Section 1: Chair: The chair shall conduct all meetings; meet with the secretary prior to meetings to establish the agenda; assure a quorum is present before proceeding with meetings; call business in proper sequence and allow committees that have reports to give them; maintain proper steps in making, debating and voting on motions; adjourn the meeting; make decisions and recommendations of the corporation in all legal matters; be responsible for upholding by-laws and rules of the organization.
Section 2: Vice Chair: The Vice Chair shall have such duties as the Chair may prescribe or as the Chair may delegate. They shall temporarily act in place of the Chair in the event of the Chair’s absence or inability to act.
Section 3: Secretary: The Secretary shall keep an accurate record of the minutes of all official meetings and shall forward to the Coordinator for distribution to the membership of the Board of Directors. The Secretary shall meet with the Chair to prepare meeting agendas.
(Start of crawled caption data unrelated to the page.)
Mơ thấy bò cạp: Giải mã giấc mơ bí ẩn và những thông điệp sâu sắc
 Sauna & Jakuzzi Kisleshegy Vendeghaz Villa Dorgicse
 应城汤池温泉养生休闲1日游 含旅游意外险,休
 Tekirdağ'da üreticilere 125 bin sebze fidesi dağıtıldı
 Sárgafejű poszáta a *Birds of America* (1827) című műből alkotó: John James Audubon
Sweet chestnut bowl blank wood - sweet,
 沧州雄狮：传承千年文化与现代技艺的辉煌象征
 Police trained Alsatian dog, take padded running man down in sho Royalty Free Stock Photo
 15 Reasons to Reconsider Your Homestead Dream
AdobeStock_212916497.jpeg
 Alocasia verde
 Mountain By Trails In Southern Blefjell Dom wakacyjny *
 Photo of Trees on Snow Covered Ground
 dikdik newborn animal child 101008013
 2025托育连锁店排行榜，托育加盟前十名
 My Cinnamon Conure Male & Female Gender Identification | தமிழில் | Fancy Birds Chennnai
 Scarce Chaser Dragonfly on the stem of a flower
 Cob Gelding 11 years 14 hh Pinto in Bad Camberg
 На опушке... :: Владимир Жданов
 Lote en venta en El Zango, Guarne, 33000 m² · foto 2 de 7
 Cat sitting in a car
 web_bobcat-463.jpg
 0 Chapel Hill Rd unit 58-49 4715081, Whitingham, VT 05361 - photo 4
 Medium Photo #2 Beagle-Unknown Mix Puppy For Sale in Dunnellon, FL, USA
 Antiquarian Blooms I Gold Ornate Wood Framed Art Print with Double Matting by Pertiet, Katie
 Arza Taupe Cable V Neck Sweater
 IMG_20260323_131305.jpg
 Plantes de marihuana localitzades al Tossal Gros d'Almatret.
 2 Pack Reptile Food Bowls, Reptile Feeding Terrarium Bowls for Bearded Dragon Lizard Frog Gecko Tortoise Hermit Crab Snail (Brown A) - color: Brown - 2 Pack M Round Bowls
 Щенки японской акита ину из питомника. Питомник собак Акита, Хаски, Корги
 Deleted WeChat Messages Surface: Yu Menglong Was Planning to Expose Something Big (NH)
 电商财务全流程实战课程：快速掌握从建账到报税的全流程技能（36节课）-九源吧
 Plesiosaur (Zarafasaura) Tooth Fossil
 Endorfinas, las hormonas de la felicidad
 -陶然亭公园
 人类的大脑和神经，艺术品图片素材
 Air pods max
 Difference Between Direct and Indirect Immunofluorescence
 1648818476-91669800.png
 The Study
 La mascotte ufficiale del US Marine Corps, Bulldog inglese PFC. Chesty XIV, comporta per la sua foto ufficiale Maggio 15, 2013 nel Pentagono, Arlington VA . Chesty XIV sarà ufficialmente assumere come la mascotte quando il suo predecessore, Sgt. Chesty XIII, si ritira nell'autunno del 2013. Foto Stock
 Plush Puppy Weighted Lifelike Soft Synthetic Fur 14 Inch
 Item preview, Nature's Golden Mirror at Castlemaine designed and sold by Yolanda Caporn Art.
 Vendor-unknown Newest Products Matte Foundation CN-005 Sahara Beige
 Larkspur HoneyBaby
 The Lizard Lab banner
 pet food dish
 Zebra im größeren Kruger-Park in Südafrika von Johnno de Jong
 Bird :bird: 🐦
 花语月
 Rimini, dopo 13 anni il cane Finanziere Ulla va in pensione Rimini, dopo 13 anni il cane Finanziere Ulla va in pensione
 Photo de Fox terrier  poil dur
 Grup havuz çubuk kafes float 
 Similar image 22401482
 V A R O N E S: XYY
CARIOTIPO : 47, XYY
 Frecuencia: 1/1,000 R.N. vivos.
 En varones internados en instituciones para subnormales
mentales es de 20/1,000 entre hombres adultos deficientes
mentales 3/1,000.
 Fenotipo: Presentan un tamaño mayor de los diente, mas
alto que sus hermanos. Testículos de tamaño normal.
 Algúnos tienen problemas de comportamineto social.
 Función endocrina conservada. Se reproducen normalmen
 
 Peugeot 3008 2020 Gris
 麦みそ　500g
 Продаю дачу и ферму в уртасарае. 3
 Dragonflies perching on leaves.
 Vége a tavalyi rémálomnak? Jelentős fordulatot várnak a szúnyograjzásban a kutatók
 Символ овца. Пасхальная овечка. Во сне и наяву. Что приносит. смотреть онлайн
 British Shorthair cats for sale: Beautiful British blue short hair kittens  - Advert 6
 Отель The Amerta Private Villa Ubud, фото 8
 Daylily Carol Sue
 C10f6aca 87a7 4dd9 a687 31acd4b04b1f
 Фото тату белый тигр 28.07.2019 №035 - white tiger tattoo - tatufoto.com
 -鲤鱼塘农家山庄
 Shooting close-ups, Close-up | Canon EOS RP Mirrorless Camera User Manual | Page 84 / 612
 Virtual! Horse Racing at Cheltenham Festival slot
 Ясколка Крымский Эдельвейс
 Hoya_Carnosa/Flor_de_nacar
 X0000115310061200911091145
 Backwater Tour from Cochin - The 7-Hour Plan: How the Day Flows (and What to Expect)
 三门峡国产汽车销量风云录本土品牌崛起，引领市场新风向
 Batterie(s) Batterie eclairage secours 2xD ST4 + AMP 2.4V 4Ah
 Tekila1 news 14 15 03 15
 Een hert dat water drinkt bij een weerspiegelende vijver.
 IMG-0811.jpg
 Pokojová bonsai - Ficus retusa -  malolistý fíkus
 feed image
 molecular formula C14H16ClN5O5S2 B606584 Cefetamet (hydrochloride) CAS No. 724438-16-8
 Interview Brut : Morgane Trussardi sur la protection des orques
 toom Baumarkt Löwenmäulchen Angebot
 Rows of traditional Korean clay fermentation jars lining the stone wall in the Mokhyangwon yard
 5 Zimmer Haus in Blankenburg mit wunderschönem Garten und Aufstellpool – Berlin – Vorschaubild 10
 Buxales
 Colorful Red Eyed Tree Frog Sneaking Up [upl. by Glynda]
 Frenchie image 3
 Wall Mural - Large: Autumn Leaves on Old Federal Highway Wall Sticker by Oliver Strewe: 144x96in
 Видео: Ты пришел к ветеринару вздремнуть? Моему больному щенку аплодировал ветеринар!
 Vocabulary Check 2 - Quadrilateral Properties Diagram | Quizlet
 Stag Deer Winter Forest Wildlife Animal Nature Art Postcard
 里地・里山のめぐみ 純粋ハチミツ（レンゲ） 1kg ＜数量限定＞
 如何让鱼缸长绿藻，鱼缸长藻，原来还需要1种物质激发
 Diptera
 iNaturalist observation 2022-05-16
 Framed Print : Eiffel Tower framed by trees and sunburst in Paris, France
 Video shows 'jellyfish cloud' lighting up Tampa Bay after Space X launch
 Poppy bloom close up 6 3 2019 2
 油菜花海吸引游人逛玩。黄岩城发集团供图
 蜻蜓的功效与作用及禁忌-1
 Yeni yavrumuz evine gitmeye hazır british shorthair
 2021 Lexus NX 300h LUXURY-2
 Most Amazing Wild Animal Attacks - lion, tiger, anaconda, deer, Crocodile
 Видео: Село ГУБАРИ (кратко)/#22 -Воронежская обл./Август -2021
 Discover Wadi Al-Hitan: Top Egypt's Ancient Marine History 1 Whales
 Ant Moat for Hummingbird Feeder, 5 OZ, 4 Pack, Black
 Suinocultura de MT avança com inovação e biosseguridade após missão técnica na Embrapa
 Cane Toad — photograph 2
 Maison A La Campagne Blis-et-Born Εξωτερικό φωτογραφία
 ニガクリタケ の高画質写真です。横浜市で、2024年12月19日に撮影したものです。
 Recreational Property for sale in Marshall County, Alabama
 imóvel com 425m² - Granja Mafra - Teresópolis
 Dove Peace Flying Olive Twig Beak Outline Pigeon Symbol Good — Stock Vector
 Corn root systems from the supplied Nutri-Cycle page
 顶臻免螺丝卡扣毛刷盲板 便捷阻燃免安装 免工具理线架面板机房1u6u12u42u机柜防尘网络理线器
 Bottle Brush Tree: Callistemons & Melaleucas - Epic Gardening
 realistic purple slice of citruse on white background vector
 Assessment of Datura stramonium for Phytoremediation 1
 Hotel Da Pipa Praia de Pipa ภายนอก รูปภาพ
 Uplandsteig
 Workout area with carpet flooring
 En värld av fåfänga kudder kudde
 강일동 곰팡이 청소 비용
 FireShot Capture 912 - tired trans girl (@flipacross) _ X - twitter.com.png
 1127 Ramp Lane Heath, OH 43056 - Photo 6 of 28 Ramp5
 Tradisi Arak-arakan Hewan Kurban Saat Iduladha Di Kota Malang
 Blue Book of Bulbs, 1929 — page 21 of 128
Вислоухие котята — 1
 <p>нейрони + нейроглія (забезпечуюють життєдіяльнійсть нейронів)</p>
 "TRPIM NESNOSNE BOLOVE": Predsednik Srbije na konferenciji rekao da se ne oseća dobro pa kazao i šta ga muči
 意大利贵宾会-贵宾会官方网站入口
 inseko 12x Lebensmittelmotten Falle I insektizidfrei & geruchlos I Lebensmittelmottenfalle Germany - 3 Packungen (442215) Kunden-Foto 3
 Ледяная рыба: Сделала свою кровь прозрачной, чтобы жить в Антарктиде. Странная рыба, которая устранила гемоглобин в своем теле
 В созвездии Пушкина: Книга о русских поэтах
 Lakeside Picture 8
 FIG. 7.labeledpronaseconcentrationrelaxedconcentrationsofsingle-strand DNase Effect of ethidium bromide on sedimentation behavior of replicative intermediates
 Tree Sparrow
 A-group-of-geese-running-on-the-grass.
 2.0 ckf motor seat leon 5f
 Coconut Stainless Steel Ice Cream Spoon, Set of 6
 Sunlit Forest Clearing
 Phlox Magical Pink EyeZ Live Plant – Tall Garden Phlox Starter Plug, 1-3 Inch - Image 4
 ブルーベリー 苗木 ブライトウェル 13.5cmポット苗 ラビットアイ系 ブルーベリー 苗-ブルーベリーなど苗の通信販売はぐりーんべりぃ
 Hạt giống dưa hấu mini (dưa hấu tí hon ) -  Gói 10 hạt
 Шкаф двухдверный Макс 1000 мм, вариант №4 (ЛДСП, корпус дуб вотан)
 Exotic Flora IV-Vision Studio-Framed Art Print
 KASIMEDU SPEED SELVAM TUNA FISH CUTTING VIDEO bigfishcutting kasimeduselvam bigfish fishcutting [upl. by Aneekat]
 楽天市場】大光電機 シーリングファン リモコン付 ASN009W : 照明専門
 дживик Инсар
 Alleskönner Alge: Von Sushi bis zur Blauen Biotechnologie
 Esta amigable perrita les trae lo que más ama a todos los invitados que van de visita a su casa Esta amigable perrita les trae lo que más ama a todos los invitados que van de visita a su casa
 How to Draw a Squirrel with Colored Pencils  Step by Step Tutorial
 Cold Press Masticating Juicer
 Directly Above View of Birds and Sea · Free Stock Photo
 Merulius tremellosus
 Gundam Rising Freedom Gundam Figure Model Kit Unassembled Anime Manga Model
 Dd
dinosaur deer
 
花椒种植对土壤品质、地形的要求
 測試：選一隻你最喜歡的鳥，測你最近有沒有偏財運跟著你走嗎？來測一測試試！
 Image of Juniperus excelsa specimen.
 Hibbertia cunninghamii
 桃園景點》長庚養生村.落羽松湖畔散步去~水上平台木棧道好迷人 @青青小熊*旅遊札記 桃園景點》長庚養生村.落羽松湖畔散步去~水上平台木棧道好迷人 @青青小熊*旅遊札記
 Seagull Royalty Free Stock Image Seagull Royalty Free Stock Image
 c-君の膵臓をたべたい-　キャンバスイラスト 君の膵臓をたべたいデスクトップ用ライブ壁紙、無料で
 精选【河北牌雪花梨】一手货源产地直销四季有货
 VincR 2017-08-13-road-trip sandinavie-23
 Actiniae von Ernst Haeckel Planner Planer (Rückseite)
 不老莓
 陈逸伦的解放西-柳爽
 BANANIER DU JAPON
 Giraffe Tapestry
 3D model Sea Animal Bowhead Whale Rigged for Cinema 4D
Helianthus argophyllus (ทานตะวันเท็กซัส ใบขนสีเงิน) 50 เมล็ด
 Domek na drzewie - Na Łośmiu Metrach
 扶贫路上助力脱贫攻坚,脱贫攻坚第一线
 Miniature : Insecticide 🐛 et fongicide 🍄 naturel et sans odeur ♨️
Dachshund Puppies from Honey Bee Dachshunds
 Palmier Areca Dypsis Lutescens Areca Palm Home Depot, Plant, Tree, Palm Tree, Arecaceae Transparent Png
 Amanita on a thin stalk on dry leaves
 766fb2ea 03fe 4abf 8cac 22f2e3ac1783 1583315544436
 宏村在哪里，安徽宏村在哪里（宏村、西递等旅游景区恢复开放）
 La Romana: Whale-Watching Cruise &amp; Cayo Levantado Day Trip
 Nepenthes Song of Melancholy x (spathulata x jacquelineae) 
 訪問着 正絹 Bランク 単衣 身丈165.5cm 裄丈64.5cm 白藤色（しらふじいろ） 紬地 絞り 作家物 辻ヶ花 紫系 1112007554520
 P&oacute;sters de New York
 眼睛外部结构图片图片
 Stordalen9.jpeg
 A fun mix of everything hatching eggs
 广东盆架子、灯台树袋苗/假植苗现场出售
Section 4: Treasurer: The Treasurer shall be responsible for keeping all accurate itemized accounts of all receipts in a banking institution authorized by the Board of Directors. They will be responsible to meet with the coordinator to organize and submit an annual budget and in coordination with the Coordinator, organize an independent audit of the financial statement of the operation as directed by the Board. The Treasurer shall provide monthly Treasurer reports at each Board of Directors meeting.
Elections and Vacancies
Section 1: Board of Directors
Nominations: Potential members shall be recruited upon the recommendation of the Nominating Committee. Nominations may be presented for review at a meeting called especially for such purpose or placed on the agenda for a regularly scheduled meeting.
Elections: Elections must take place when the Board of Directors membership falls below the required 8 members; and at other times as determined by the Executive Committee.
Term of Office: The term of office for members of the Board of Directors shall be two years. Members of the Board of Directors may serve 2 consecutive terms. After serving the maximum of 4 years, a Board member must rotate off for one year before being eligible for re-election.
Section 2: Executive Committee
Nominations: Nominees for officers will take place at the first meeting held at the beginning of the calendar year, or as needed to fill unexpected vacancies. Nominees will come from the nominating committee.
Elections shall take place annually at the beginning of the calendar year to fill positions being vacated by a current officer. Additional elections can be held to fill unexpected vacancies at the discretion of the Board of Directors.
A majority vote shall decide elected officers.
Term of Office: The term for officers shall be two years. Officers may serve up to two consecutive terms.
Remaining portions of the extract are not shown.